Data entries
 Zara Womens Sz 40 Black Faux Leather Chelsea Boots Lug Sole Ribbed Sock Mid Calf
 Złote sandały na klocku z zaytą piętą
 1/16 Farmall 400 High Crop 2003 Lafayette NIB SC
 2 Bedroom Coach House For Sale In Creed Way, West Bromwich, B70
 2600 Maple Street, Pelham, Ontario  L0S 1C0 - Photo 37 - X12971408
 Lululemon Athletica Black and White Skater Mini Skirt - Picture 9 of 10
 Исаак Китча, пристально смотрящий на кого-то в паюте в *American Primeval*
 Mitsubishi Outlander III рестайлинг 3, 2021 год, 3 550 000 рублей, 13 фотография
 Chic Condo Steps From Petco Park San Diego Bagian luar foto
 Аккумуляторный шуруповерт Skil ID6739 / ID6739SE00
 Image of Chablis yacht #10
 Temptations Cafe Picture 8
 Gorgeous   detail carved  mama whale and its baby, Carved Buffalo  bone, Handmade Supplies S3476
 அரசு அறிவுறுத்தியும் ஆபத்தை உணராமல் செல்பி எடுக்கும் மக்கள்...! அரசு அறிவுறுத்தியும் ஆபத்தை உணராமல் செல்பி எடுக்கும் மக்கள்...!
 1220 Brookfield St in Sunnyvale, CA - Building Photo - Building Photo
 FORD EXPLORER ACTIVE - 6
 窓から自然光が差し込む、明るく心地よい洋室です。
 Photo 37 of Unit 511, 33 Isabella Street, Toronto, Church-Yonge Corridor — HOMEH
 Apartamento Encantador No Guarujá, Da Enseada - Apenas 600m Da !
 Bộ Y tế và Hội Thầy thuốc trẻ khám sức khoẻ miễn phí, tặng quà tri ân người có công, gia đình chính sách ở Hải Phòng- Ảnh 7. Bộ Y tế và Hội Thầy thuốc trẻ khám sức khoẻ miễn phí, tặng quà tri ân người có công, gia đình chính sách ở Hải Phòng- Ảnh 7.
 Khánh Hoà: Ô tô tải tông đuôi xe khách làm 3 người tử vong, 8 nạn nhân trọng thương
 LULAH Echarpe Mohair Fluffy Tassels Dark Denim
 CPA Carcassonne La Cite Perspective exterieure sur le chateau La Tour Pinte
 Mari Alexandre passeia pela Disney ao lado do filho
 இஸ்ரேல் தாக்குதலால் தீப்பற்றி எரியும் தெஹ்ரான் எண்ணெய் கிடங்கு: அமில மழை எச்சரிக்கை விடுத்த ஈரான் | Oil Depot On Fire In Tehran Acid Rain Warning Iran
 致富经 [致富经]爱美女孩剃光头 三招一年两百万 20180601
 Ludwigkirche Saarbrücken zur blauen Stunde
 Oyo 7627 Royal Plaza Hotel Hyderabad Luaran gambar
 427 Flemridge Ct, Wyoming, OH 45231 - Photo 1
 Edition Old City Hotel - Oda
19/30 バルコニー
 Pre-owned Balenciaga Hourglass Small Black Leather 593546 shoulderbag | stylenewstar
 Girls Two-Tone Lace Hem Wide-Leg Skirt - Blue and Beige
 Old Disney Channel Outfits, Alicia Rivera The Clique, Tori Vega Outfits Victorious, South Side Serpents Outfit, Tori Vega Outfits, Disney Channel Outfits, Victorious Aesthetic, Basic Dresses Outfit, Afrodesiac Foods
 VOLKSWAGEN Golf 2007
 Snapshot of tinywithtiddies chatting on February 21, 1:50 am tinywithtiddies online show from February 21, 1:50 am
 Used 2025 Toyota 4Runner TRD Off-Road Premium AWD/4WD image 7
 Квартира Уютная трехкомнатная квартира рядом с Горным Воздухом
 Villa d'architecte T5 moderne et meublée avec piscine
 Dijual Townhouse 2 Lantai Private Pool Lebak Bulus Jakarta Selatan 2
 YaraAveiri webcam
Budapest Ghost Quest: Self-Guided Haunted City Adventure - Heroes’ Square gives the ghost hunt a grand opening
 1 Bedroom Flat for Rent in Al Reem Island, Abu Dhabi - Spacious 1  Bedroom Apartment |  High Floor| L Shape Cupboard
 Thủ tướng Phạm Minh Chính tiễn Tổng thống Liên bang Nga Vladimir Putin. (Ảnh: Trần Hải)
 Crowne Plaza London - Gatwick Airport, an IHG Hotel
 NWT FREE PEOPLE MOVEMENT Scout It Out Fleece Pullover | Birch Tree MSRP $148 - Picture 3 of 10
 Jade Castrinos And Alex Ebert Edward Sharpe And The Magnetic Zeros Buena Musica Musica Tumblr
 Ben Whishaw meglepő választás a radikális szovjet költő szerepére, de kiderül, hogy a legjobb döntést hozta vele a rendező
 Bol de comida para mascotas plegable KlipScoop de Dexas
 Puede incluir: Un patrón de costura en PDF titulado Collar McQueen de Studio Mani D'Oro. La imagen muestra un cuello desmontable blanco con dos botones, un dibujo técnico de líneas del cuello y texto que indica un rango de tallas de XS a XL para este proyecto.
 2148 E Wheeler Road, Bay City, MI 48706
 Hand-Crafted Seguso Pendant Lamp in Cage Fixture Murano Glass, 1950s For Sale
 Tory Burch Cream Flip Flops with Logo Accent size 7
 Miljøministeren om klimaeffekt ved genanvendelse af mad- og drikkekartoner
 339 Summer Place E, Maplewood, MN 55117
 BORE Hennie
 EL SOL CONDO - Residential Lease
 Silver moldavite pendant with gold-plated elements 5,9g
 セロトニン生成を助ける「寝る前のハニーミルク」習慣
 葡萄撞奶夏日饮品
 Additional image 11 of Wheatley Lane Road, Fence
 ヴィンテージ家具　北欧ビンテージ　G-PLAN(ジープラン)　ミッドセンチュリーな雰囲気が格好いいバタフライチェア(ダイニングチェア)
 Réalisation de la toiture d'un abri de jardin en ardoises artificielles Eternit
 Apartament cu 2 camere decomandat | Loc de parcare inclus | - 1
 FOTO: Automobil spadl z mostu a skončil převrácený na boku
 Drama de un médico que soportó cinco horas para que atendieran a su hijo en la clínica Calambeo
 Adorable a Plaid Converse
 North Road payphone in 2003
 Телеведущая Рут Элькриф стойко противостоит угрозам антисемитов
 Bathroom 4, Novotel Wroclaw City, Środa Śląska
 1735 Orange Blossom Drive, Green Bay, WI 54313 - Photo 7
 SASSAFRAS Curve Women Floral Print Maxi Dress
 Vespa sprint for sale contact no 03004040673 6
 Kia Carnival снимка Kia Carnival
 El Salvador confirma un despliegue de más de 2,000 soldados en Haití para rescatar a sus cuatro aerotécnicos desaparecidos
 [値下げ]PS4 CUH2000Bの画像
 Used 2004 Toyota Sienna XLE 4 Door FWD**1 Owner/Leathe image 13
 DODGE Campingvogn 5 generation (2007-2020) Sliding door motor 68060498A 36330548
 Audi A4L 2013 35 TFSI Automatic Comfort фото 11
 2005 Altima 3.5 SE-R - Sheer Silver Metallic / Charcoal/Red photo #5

● Work request: Your response must consist of the entries, reproduced exactly.

● Written answer:
 Zara Womens Sz 40 Black Faux Leather Chelsea Boots Lug Sole Ribbed Sock Mid Calf
 Złote sandały na klocku z zaytą piętą
 1/16 Farmall 400 High Crop 2003 Lafayette NIB SC
 2 Bedroom Coach House For Sale In Creed Way, West Bromwich, B70
 2600 Maple Street, Pelham, Ontario  L0S 1C0 - Photo 37 - X12971408
 Lululemon Athletica Black and White Skater Mini Skirt - Picture 9 of 10
 Исаак Китча, пристально смотрящий на кого-то в паюте в *American Primeval*
 Mitsubishi Outlander III рестайлинг 3, 2021 год, 3 550 000 рублей, 13 фотография
 Chic Condo Steps From Petco Park San Diego Bagian luar foto
 Аккумуляторный шуруповерт Skil ID6739 / ID6739SE00
 Image of Chablis yacht #10
 Temptations Cafe Picture 8
 Gorgeous   detail carved  mama whale and its baby, Carved Buffalo  bone, Handmade Supplies S3476
 அரசு அறிவுறுத்தியும் ஆபத்தை உணராமல் செல்பி எடுக்கும் மக்கள்...! அரசு அறிவுறுத்தியும் ஆபத்தை உணராமல் செல்பி எடுக்கும் மக்கள்...!
 1220 Brookfield St in Sunnyvale, CA - Building Photo - Building Photo
 FORD EXPLORER ACTIVE - 6
 窓から自然光が差し込む、明るく心地よい洋室です。
 Photo 37 of Unit 511, 33 Isabella Street, Toronto, Church-Yonge Corridor — HOMEH
 Apartamento Encantador No Guarujá, Da Enseada - Apenas 600m Da !
 Bộ Y tế và Hội Thầy thuốc trẻ khám sức khoẻ miễn phí, tặng quà tri ân người có công, gia đình chính sách ở Hải Phòng- Ảnh 7. Bộ Y tế và Hội Thầy thuốc trẻ khám sức khoẻ miễn phí, tặng quà tri ân người có công, gia đình chính sách ở Hải Phòng- Ảnh 7.
 Khánh Hoà: Ô tô tải tông đuôi xe khách làm 3 người tử vong, 8 nạn nhân trọng thương
 LULAH Echarpe Mohair Fluffy Tassels Dark Denim
 CPA Carcassonne La Cite Perspective exterieure sur le chateau La Tour Pinte
 Mari Alexandre passeia pela Disney ao lado do filho
 இஸ்ரேல் தாக்குதலால் தீப்பற்றி எரியும் தெஹ்ரான் எண்ணெய் கிடங்கு: அமில மழை எச்சரிக்கை விடுத்த ஈரான் | Oil Depot On Fire In Tehran Acid Rain Warning Iran
 致富经 [致富经]爱美女孩剃光头 三招一年两百万 20180601
 Ludwigkirche Saarbrücken zur blauen Stunde
 Oyo 7627 Royal Plaza Hotel Hyderabad Luaran gambar
 427 Flemridge Ct, Wyoming, OH 45231 - Photo 1
 Edition Old City Hotel - Oda
19/30 バルコニー
 Pre-owned Balenciaga Hourglass Small Black Leather 593546 shoulderbag | stylenewstar
 Girls Two-Tone Lace Hem Wide-Leg Skirt - Blue and Beige
 Old Disney Channel Outfits, Alicia Rivera The Clique, Tori Vega Outfits Victorious, South Side Serpents Outfit, Tori Vega Outfits, Disney Channel Outfits, Victorious Aesthetic, Basic Dresses Outfit, Afrodesiac Foods
 VOLKSWAGEN Golf 2007
 Snapshot of tinywithtiddies chatting on February 21, 1:50 am tinywithtiddies online show from February 21, 1:50 am
 Used 2025 Toyota 4Runner TRD Off-Road Premium AWD/4WD image 7
 Квартира Уютная трехкомнатная квартира рядом с Горным Воздухом
 Villa d'architecte T5 moderne et meublée avec piscine
 Dijual Townhouse 2 Lantai Private Pool Lebak Bulus Jakarta Selatan 2
 YaraAveiri webcam
Budapest Ghost Quest: Self-Guided Haunted City Adventure - Heroes’ Square gives the ghost hunt a grand opening
 1 Bedroom Flat for Rent in Al Reem Island, Abu Dhabi - Spacious 1  Bedroom Apartment |  High Floor| L Shape Cupboard
 Thủ tướng Phạm Minh Chính tiễn Tổng thống Liên bang Nga Vladimir Putin. (Ảnh: Trần Hải)
 Crowne Plaza London - Gatwick Airport, an IHG Hotel
 NWT FREE PEOPLE MOVEMENT Scout It Out Fleece Pullover | Birch Tree MSRP $148 - Picture 3 of 10
 Jade Castrinos And Alex Ebert Edward Sharpe And The Magnetic Zeros Buena Musica Musica Tumblr
 Ben Whishaw meglepő választás a radikális szovjet költő szerepére, de kiderül, hogy a legjobb döntést hozta vele a rendező
 Bol de comida para mascotas plegable KlipScoop de Dexas
 Puede incluir: Un patrón de costura en PDF titulado Collar McQueen de Studio Mani D'Oro. La imagen muestra un cuello desmontable blanco con dos botones, un dibujo técnico de líneas del cuello y texto que indica un rango de tallas de XS a XL para este proyecto.
 2148 E Wheeler Road, Bay City, MI 48706
 Hand-Crafted Seguso Pendant Lamp in Cage Fixture Murano Glass, 1950s For Sale
 Tory Burch Cream Flip Flops with Logo Accent size 7
 Miljøministeren om klimaeffekt ved genanvendelse af mad- og drikkekartoner
 339 Summer Place E, Maplewood, MN 55117
 BORE Hennie
 EL SOL CONDO - Residential Lease
 Silver moldavite pendant with gold-plated elements 5,9g
 セロトニン生成を助ける「寝る前のハニーミルク」習慣
 葡萄撞奶夏日饮品
 Additional image 11 of Wheatley Lane Road, Fence
 ヴィンテージ家具　北欧ビンテージ　G-PLAN(ジープラン)　ミッドセンチュリーな雰囲気が格好いいバタフライチェア(ダイニングチェア)
 Réalisation de la toiture d'un abri de jardin en ardoises artificielles Eternit
 Apartament cu 2 camere decomandat | Loc de parcare inclus | - 1
 FOTO: Automobil spadl z mostu a skončil převrácený na boku
 Drama de un médico que soportó cinco horas para que atendieran a su hijo en la clínica Calambeo
 Adorable a Plaid Converse
 North Road payphone in 2003
 Телеведущая Рут Элькриф стойко противостоит угрозам антисемитов
 Bathroom 4, Novotel Wroclaw City, Środa Śląska
 1735 Orange Blossom Drive, Green Bay, WI 54313 - Photo 7
 SASSAFRAS Curve Women Floral Print Maxi Dress
 Vespa sprint for sale contact no 03004040673 6
 Kia Carnival снимка Kia Carnival
 El Salvador confirma un despliegue de más de 2,000 soldados en Haití para rescatar a sus cuatro aerotécnicos desaparecidos
 [値下げ]PS4 CUH2000Bの画像
 Used 2004 Toyota Sienna XLE 4 Door FWD**1 Owner/Leathe image 13
 DODGE Campingvogn 5 generation (2007-2020) Sliding door motor 68060498A 36330548
 Audi A4L 2013 35 TFSI Automatic Comfort фото 11
 2005 Altima 3.5 SE-R - Sheer Silver Metallic / Charcoal/Red photo #5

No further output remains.